Bao Qiang se levantó de repente de su sillón.
—¡Maldita sea, tiene agallas!
—¡Realmente se lo está buscando!
El grupo de subordinados apretó los puños y habló con ferocidad.
—¡Vamos!
¡Acaben con él!
Bao Qiang gritó con cara de pocos amigos y salió a grandes zancadas de la oficina, seguido por una masa oscura de subordinados.
¡Su presencia era formidable, su ímpetu extraordinario!
Pero cuando llegaron al salón principal del bar, la escena que tenían ante ellos hizo que Bao Qiang y sus hombres se detuvieran.
Vieron a sus propios hombres esparcidos por todo el suelo, mientras Jiang Chen permanecía de pie con una Espada Tang desenvainada, observando con mirada fría a la gente que bajaba las escaleras.

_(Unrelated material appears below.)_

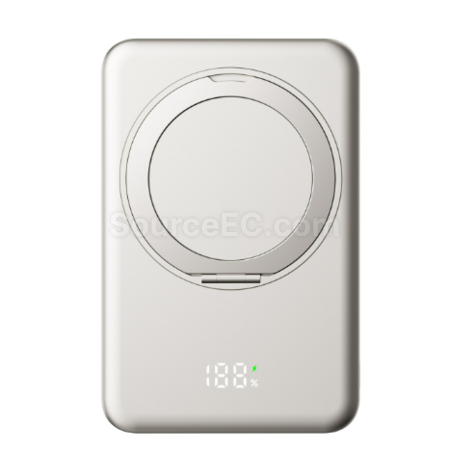 禮品訂造磁吸無線行動電源（帶支架）紀念品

Su Qingqing, por su parte, estaba emocionada y sonrojada a un lado.
—Esto…
vaya, vaya, ¡tienes unos movimientos decentes!
Bao Qiang recuperó la compostura, reprimiendo la conmoción de su corazón, examinó a Jiang Chen de arriba abajo y asintió.

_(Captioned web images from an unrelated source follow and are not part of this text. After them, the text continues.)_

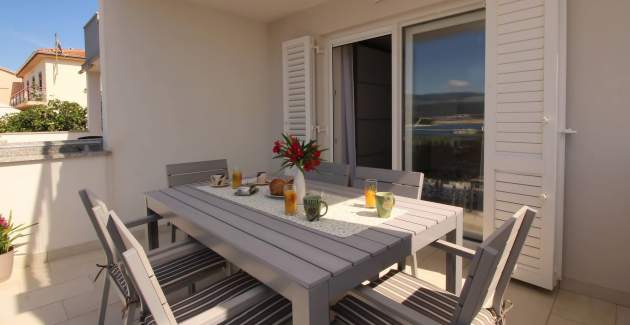 Appartamento Kristijan – sul mare, vista mare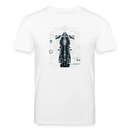 Honda vtx 1300 [T-Shirt] - Top-Down Tech - Brust Print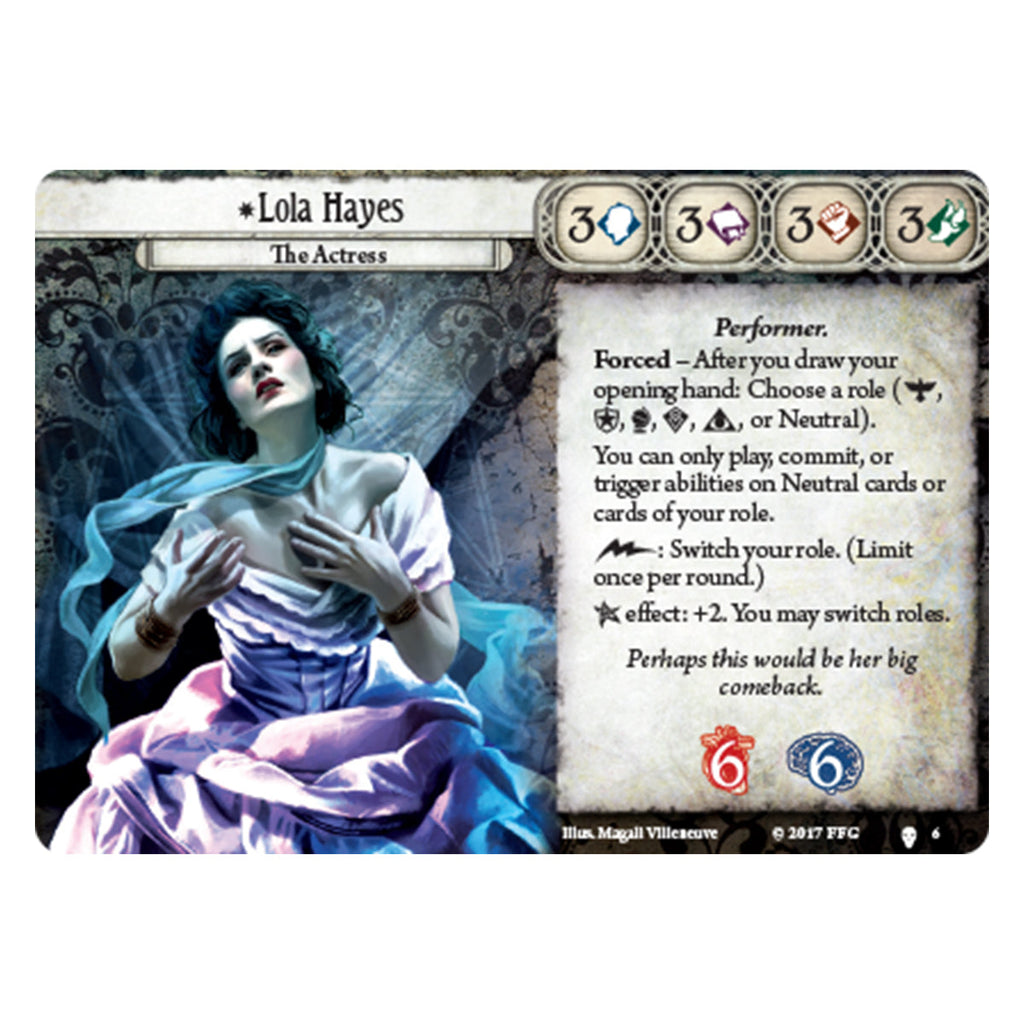 Arkham Horror LCG The Path to Carcosa Investigator Expansion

Se acercó a Jiang Chen y levantó la vista.
—Chico, no me lo esperaba, eres prometedor.
De acuerdo, soy un hombre generoso.
¡A partir de ahora, andarás conmigo!
—Además, dame a esa mujer —dijo, señalando con arrogancia a Su Qingqing—, y pasaré por alto el hecho de que hayas golpeado a mis hombres.
—Ja, ja, cierto, anda con nuestro jefe.
—Hermano, tu mujer es también nuestra mujer, ja, ja, ja, ja.
Los otros matones se rieron a carcajadas, siguiéndole el juego a su líder.
Su Qingqing, al oír esto, no pudo evitar asustarse y su tez palideció.
Pero en ese momento, Jiang Chen dio un paso al frente y empezó a sonreír con desdén.